Regulamento n.o 44/2001

11

Resulta do considerando 2 do Regulamento n.o 44/2001 que este tem por objetivo, no interesse do bom funcionamento do mercado interno, aplicar «disposições que permitam unificar as regras de conflito de jurisdição em matéria civil e comercial, bem como simplificar as formalidades com vista ao reconhecimento e à execução rápidos e simples das decisões proferidas nos Estados‑Membros abrangidos pelo presente regulamento […]»

12

Os considerandos 11, 12 e 15 do referido regulamento enunciam:

«(11)

As regras de competência devem apresentar um elevado grau de certeza jurídica e devem articular‑se em torno do princípio de que em geral a competência tem por base o domicílio do requerido e que tal competência deve estar sempre disponível, exceto em alguns casos bem determinados em que a matéria em litígio ou a autonomia das partes justificam outro critério de conexão.
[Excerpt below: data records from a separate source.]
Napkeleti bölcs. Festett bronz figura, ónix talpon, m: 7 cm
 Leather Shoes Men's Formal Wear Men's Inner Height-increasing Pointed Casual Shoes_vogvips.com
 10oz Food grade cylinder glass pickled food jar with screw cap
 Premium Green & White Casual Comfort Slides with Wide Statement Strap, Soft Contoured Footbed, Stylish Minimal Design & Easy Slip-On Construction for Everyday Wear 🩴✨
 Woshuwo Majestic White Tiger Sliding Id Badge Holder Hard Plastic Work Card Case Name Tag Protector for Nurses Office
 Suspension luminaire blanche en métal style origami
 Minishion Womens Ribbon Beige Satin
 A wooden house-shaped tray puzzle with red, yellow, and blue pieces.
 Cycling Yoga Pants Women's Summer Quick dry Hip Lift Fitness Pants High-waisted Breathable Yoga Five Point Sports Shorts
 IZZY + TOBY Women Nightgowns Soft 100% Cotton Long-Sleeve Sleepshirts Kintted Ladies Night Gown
No respeitante às pessoas coletivas, o domicílio deve ser definido de forma autónoma, de modo a aumentar a transparência das regras comuns e evitar os conflitos de jurisdição.

(12)

O foro do domicílio do requerido deve ser completado pelos foros alternativos permitidos em razão do vínculo estreito entre a jurisdição e o litígio ou com vista a facilitar uma boa administração da justiça.

[...]

(15)

O funcionamento harmonioso da justiça a nível comunitário obriga a minimizar a possibilidade de instaurar processos concorrentes e a evitar que sejam proferidas decisões inconciliáveis em dois Estados‑Membros competentes […]»

13

As regras de competência figuram no capítulo II do referido regulamento, nos artigos 2.° a 31.° deste.

14

O mesmo capítulo II, secção 1, intitulada «Disposições gerais», contém o artigo 2.o, cujo n.o 1 tem a seguinte redação:

«Sem prejuízo do disposto no presente regulamento, as pessoas domiciliadas no território de um Estado‑Membro devem ser demandadas, seja qual for a sua nacionalidade, perante os tribunais desse Estado.»

15

O artigo 3.o, n.o 1, do Regulamento n.o 44/2001, que figura na mesma secção, dispõe:

«As pessoas domiciliadas no território de um Estado‑Membro só podem ser demandadas perante os tribunais de um outro Estado‑Membro por força das regras enunciadas nas secções 2 a 7 do presente capítulo.»

16

O artigo 5.o, ponto 3, do referido regulamento, que faz parte da secção 2 do capítulo II do mesmo, intitulada «Competências especiais», prevê:

«Uma pessoa com domicílio no território de um Estado‑Membro pode ser demandada noutro Estado‑Membro:

[...]

3)

Em matéria extracontratual, perante o tribunal do lugar onde ocorreu ou poderá ocorrer o facto danoso».

17

O artigo 68.o, n.o 2, do mesmo regulamento enuncia:

«Na medida em que o presente regulamento substitui entre os Estados‑Membros as disposições da Convenção de Bruxelas, as referências feitas a esta entendem‑se como sendo feitas ao presente regulamento.»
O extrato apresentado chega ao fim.